According to the 2016 National Popular Vote Tracker, Hillary Clinton now leads by 2.8 million votes (more than 2.1 percent of the total vote) as states continue to report final results.
Trump won 30 states, gathering 306 of 538 electoral votes. There have been 45 presidential elections in which the winning candidate won a larger share of the electoral vote.
[Trump’s popular vote] deficit gives him the third-worst vote margin among winning candidates since 1824.
But Trump’s self-angrandizing falsehood gets repeated in the Epistemic closure of the ‘conservative misinformation feedback loop’ media bubble, and this is the result: A new poll shows an astonishing 52% of Republicans incorrectly think Trump won the popular vote:
Half of all Republicans actually think Trump won the popular vote.
In a nationally representative online survey of 1,011 Americans conducted by Qualtrics between Dec. 6 and 12, we asked respondents, “In last month’s election, Donald Trump won the majority of votes in the electoral college. Who do you think won the most popular votes?”
Twenty-nine percent said Donald Trump won the popular vote. This is a slightly larger proportion than in a recent Pew survey in which 19 percent said Trump won the popular vote.
Respondents’ correct understanding of the popular vote depended a great deal on partisanship.
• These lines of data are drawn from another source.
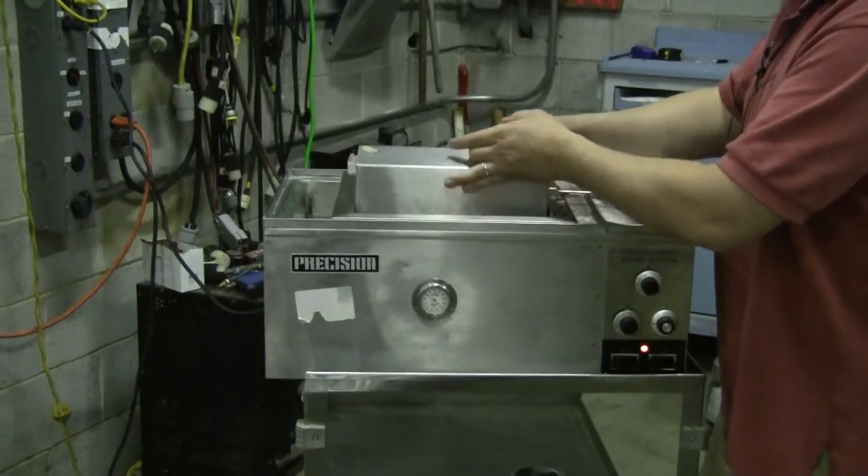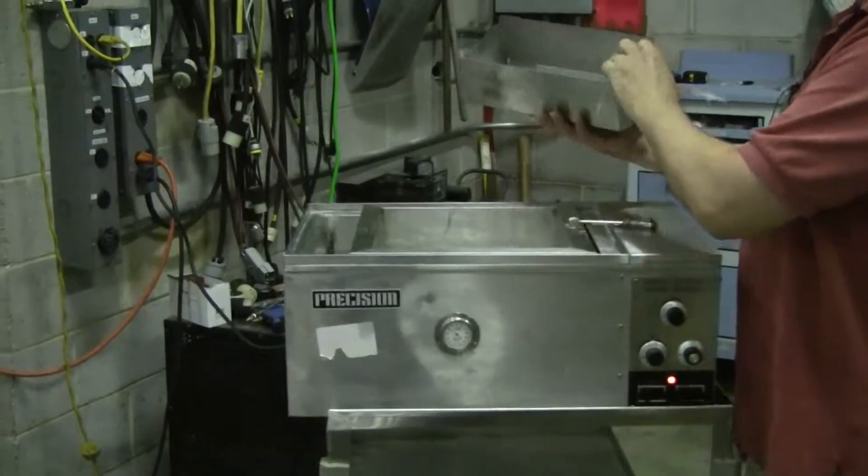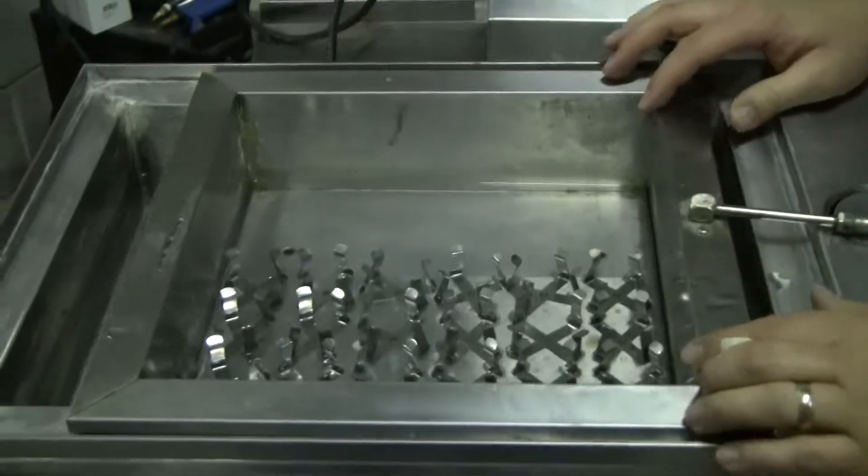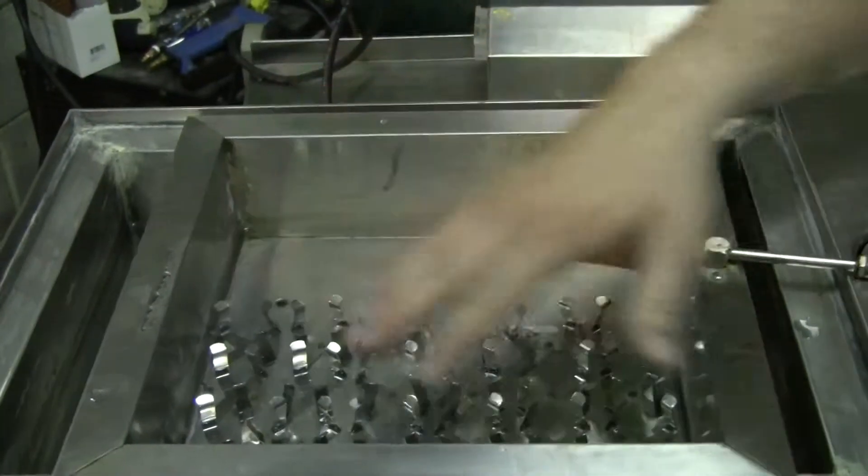Take this top off, let's take a look inside. Shallow form, it's not very deep at all — 12 inches by 12 inches.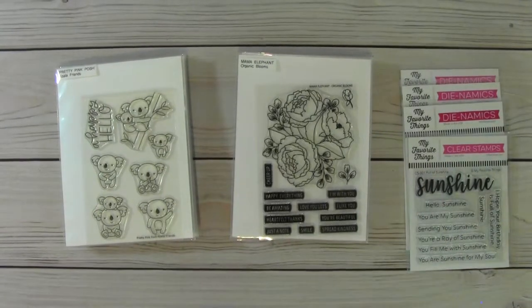Hello everyone, this is Sybil. Welcome to my channel. I'm here to do some de-stashing. I am disabling the comments on this video, so if you are interested in anything that I am showing, please open up the description box and you will see my email. Then you can email me and let me know which set of stamps or dies or which lot you would like.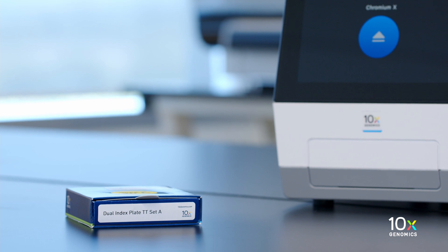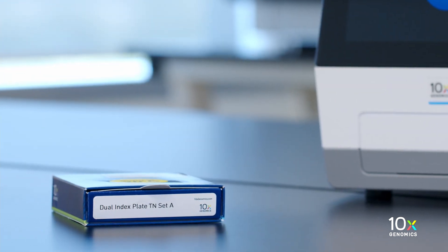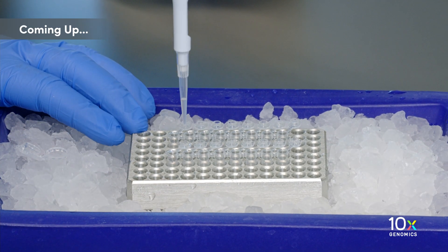Finally, we have the Dual Index Plate TT Set A and the Dual Index Plate TN Set A. We have all of our reagent kits ready. Next, we are going to prepare the MasterMix.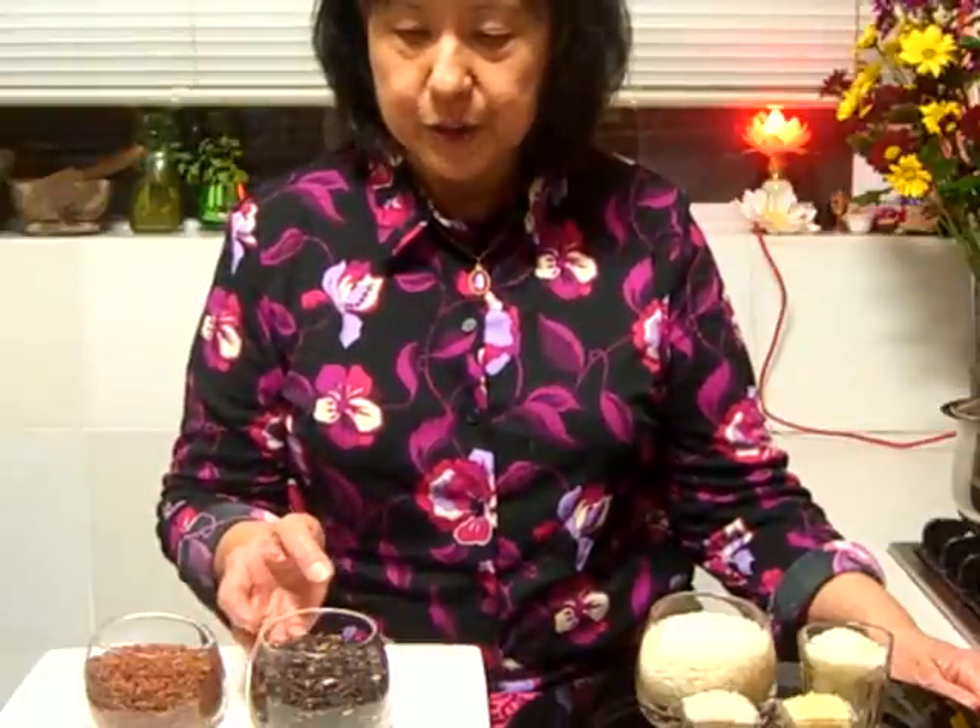Hello, I'm Nancy. Tonight, I just want to show you something simple. I've done some fried rice earlier on in my cooking video, but tonight I'm just going to cook a very simple porridge using black sticky rice.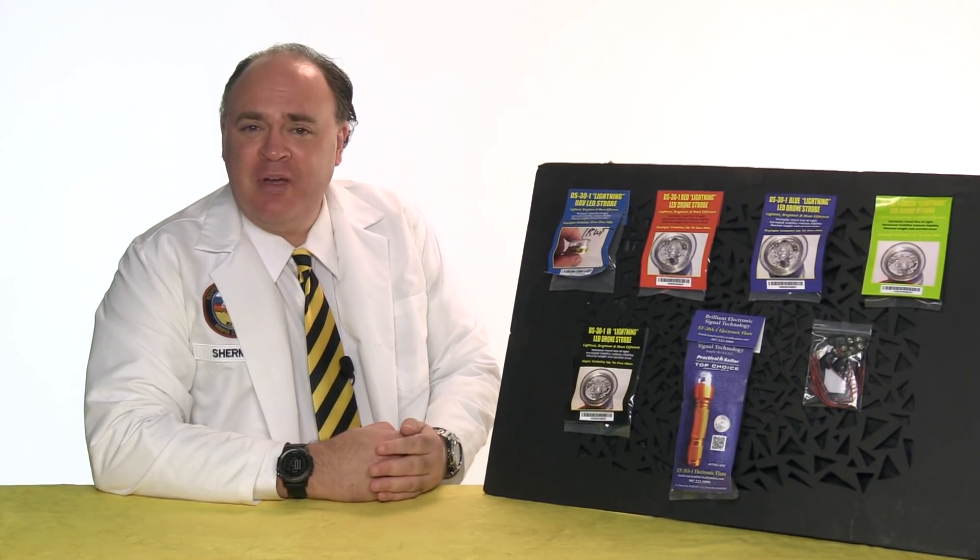Roswell Flight Test Crew here today to take a look at a line of strobe lights made specifically for drones by North American Survival Systems. We're also going to test the theory that strobes can be useful for daytime flying, as well as flying at night.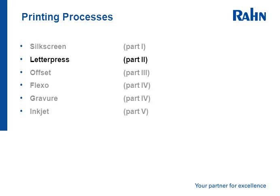This ends the discussion on the silkscreen printing process. Please look for part two, in which we will discuss the letterpress printing process. Thank you very much.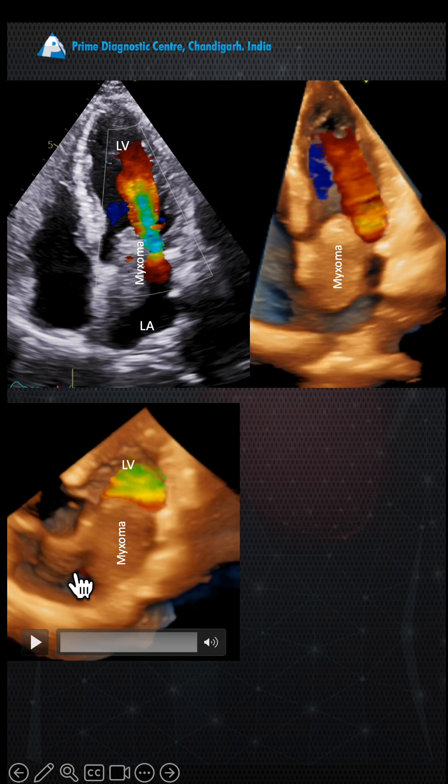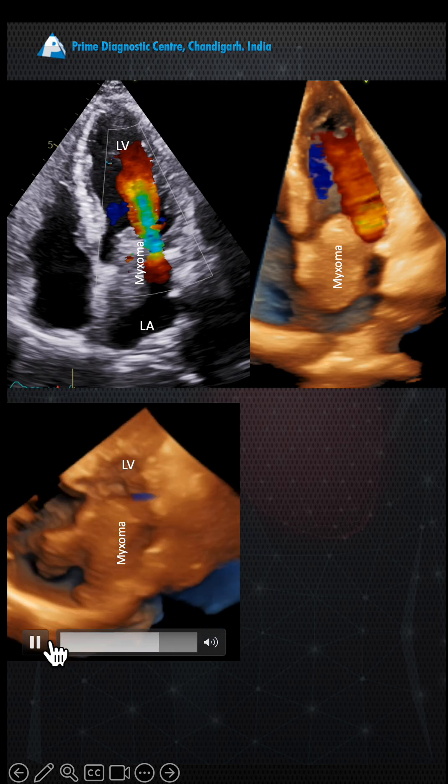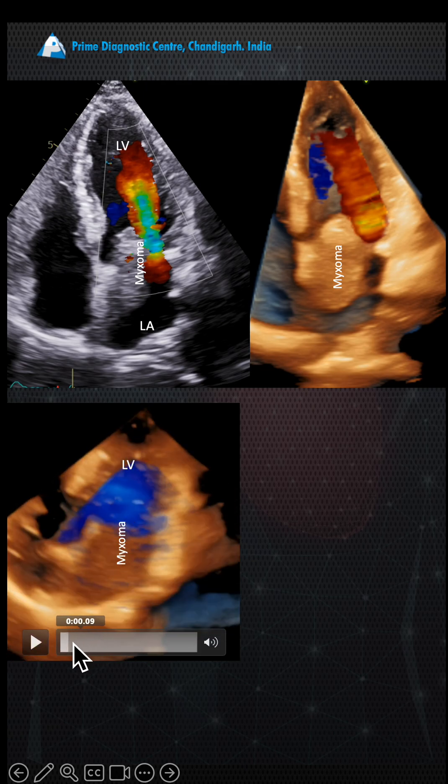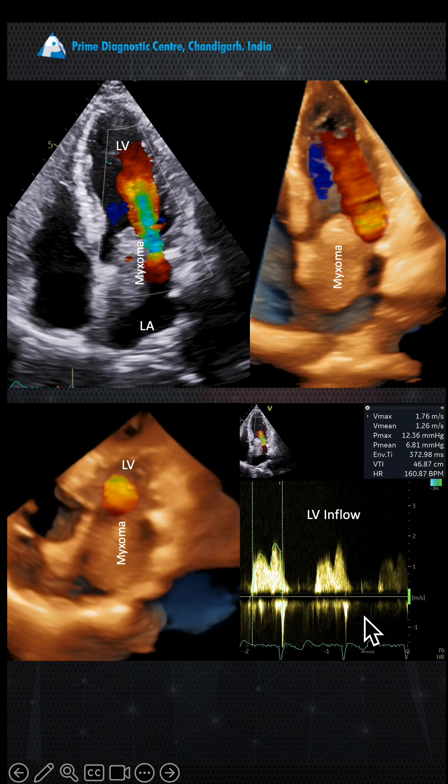On 3D from the apical view, you can see the aliasing is coming from just one area of the LV inflow, producing a mild LV inflow obstruction. There was a 13/12 millimeter peak gradient and a 7 millimeter mean gradient across the LV inflow.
A large fraction of Republicans — 52 percent — said Trump won the popular vote, compared with only 7 percent of Democrats [who are these people?] and 24 percent of independents. Among Republicans without any college education, the share was even larger: 60 percent, compared with 37 percent of Republicans with a college degree.
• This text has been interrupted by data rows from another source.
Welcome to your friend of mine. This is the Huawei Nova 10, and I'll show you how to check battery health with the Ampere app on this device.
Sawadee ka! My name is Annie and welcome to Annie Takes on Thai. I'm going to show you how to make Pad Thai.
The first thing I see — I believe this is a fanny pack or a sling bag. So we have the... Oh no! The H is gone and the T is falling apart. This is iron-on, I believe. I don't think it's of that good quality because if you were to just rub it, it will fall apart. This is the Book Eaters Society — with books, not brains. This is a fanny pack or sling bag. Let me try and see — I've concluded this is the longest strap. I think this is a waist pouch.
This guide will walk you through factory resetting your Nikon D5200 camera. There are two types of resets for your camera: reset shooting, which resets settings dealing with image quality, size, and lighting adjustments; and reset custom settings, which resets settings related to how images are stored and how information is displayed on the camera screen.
This same pattern of partisan bias didn’t emerge on other factual questions in our survey. For example, we asked respondents to estimate the size of the country’s African American and Latino populations. As is typical, people tended to overestimate the size of these groups: On average, respondents think 27 percent of Americans are black and 28 percent are Latino. (The correct answers as of 2015 are 13.3 percent and 17.6 percent.)
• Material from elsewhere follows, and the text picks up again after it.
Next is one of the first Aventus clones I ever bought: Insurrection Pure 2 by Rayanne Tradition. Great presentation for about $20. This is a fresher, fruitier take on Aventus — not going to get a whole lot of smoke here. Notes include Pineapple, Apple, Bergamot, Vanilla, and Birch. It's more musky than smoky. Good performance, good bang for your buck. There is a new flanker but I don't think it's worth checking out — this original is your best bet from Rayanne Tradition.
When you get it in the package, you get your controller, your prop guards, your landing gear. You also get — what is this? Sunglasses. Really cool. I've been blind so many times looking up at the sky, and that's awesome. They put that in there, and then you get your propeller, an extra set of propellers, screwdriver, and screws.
But these numbers do not vary by party affiliation. Democrats and Republicans make similar guesses, on average.
These results align with something social scientists have long recognized: We choose facts to be consistent with our prior beliefs. In this case, Republicans are more likely to endorse erroneous claims about Trump’s victory because it aligns with their partisanship. They do not, however, have any partisan motivation when estimating the size of minority groups.
I don’t know how we can ever achieve the goal of an informed electorate in an era of fake news and epistemic closure in a post-truth America where feelings have replaced irrefutable facts.